特別支援学校は、その特殊性から事故防止のために特別な配慮が必要となり、一度事故が起こった場合には重大な結果が生じるリスクもあるでしょう。
そのため、特別支援学校で起きた事故による損害は、どのようにして誰に請求を行うことができるのかをしっかりと把握しておく必要があります。
今回は、特別支援学校における学校事故の事例や、解決方法について解説行っていきます。
目次
特別支援学校の事故防止のために必要な措置
特別支援学校の意味や、事故防止のために必要となる注意点などについて説明しましょう。
特別支援学校とは
まず、「特別支援学校」とは、視覚障害や聴覚障害、知的障害のある子どもたちが幼稚園・小学校・中学校・高等学校に準じた教育を受け、学習上・生活上の困難を克服し自立できるようになるために通う学校のことをいいます。
盲(もう)学校や聾(ろう)学校、養護学校なども学校教育法上は特別支援学校にあたります。
そして、特別支援学校では障害のある児童や生徒の安全を守るために、一人ひとりの子どもの個性を理解し把握しておくことが重要です。
したがって、子どもたちの個性や特性に合わせて指導・監督することが特別支援学校の教員には要請されています。
そのような特別支援学校の特殊性に照らして文部科学省は「危機管理マニュアル」を作成しています。

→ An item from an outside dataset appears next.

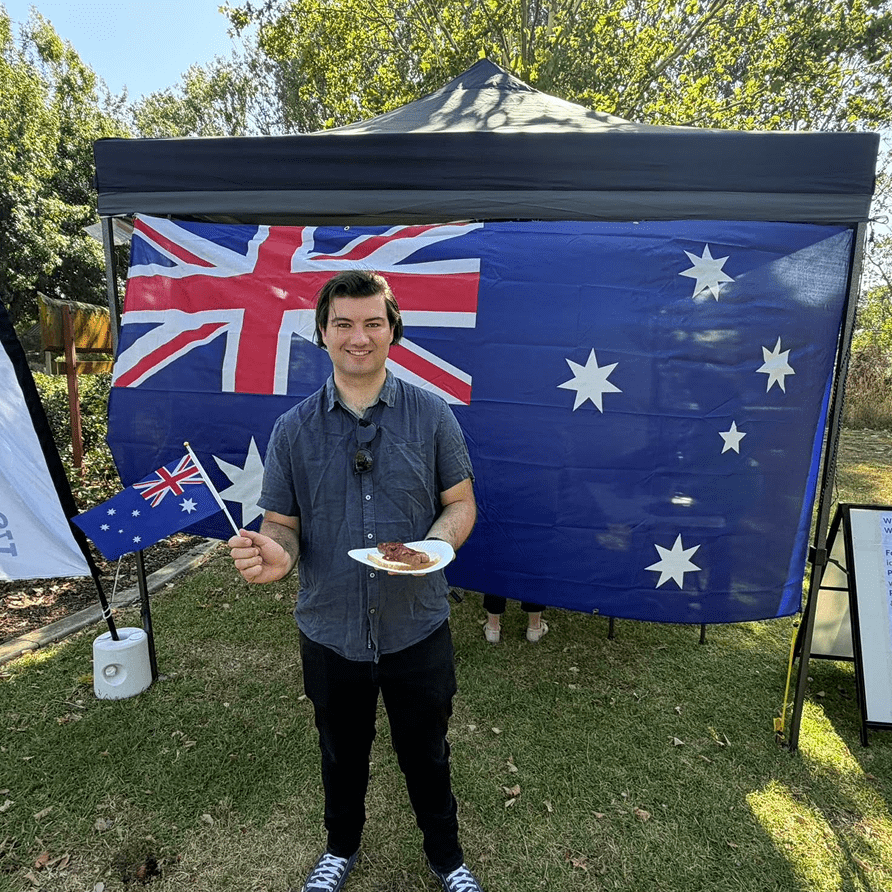 Man holding Australian flag and a plate.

特別支援学校には幼稚部から高等部まで設置されている学校もありますので、各学部が相互に連携するための体制を整えておくことも重要性です。
特別支援学校の事故発生時の注意点
特別支援学校で学校事故が発生した場合には、子どもたちのどのような点に注意しなければならないのでしょうか。
以下のようなポイントが考えられます。
- 情報理解や意思表示が難しい場合がある
特別支援学校に通う子どもたちの中には情報の理解や判断に時間がかかったり、自分から意思を伝えることが困難だったりします。
- 危機回避行動が難しい場合がある
危険の認知が難しかったり、臨機応変な対応が難しかったりして、危険回避の行動がとれない子どもたちもいます。
さらに、怪我を負った子どもの中には的確に周囲の大人に訴えることができず、発見が遅れるリスクもあるのです。
- 避難行動が難しい・生命維持が困難な場合もある
肢体不自由や視覚障害のある子どもたちは落下物や段差・傾斜が原因で避難行動がとれない可能性もあります。階段の使用や屋上への避難が難しい場合も想定できるでしょう。
また、薬や医療用具・機器がないと生命の維持に影響が出てきてしまう場合もあります。
特別支援学校の事故事例
特別支援学校ではどのような事故が考えられるでしょうか。
独立行政法人日本スポーツ振興センターでは学校事故について整理し、学校別に事故事例や傾向などを精査・公表しています。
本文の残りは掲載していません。